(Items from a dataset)

---------------

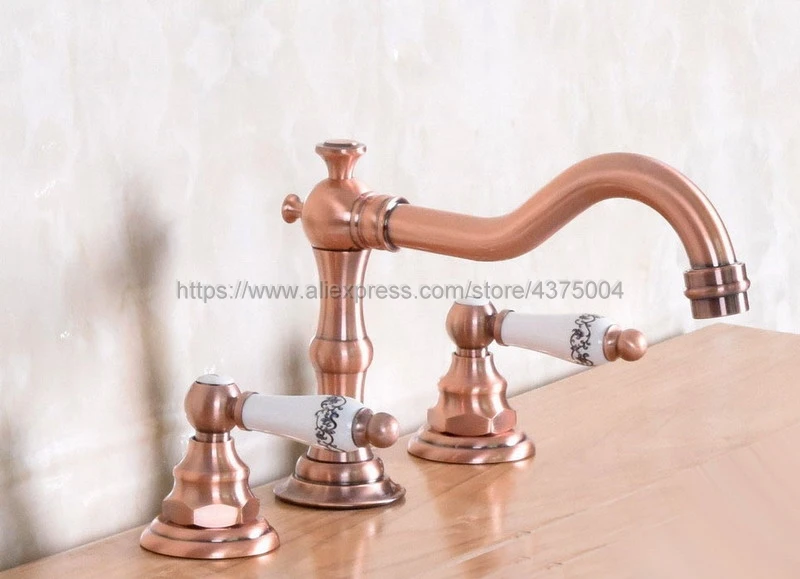 Bathroom Sink Faucet Antique Red Copper Widespread 3pcs Ceramics Handles Basin 3 Holes Mixer Tap Nnf175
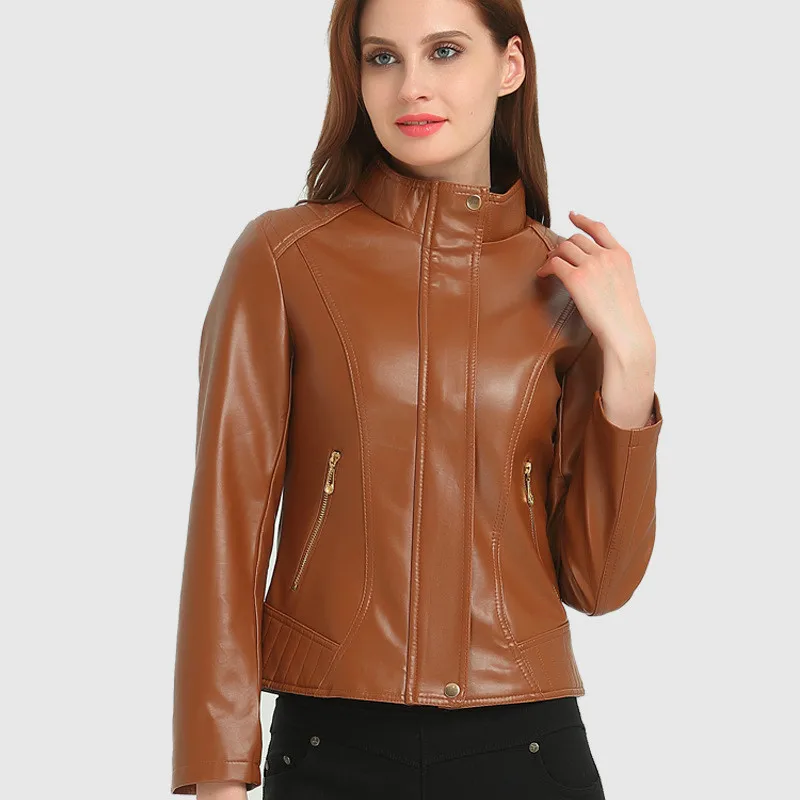 Chaquetas de Cuero Mujer Для женщин кожаная куртка новинка 2017 года Повседневное с круглым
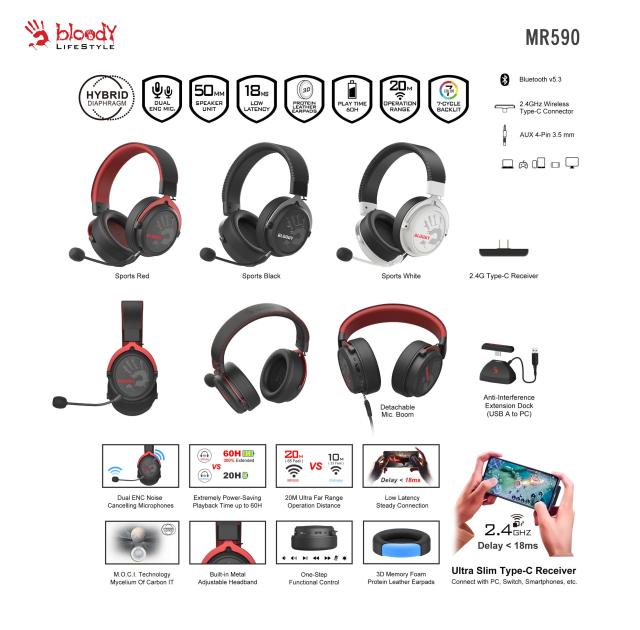 Слушалки А4tech Bloody МR-590, микрофон, Bluetooth/Wireless/1 x 3.5 мм жак, BLACK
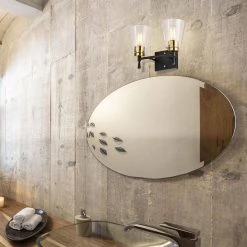 Best Pirce ⌛ Briarwood 13 in. 2-Lights Black and Antique Brass Vanity Light with Clear Cone Glass Shades by Edvivi 🛒 -Deals Edvivi || Atlas Store black and antique brass edvivi vanity lighting ew6784bkab 31 1000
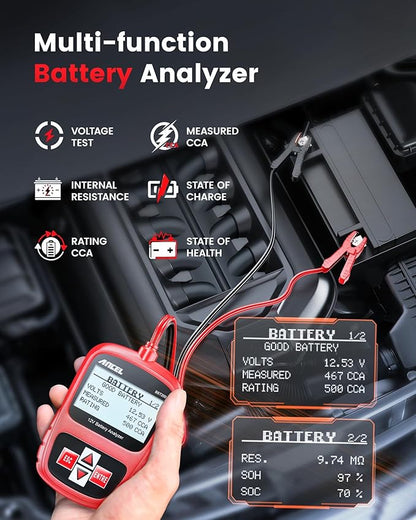 ANCEL BST200 Car Battery Tester 12V Automotive, 100-1100 CCA Battery Load Tester Tool, Auto Battery Analyzer Digital Tester for Car Truck Motorcycle SUV Boat and More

---------------

Aim of the exercise: Write out a verbatim copy of the lines from the line that contains "Best Pirce ⌛" through the end of the entries above; pictures are not copied.

Solution to the problem:
 Best Pirce ⌛ Briarwood 13 in. 2-Lights Black and Antique Brass Vanity Light with Clear Cone Glass Shades by Edvivi 🛒 -Deals Edvivi || Atlas Store black and antique brass edvivi vanity lighting ew6784bkab 31 1000
 ANCEL BST200 Car Battery Tester 12V Automotive, 100-1100 CCA Battery Load Tester Tool, Auto Battery Analyzer Digital Tester for Car Truck Motorcycle SUV Boat and More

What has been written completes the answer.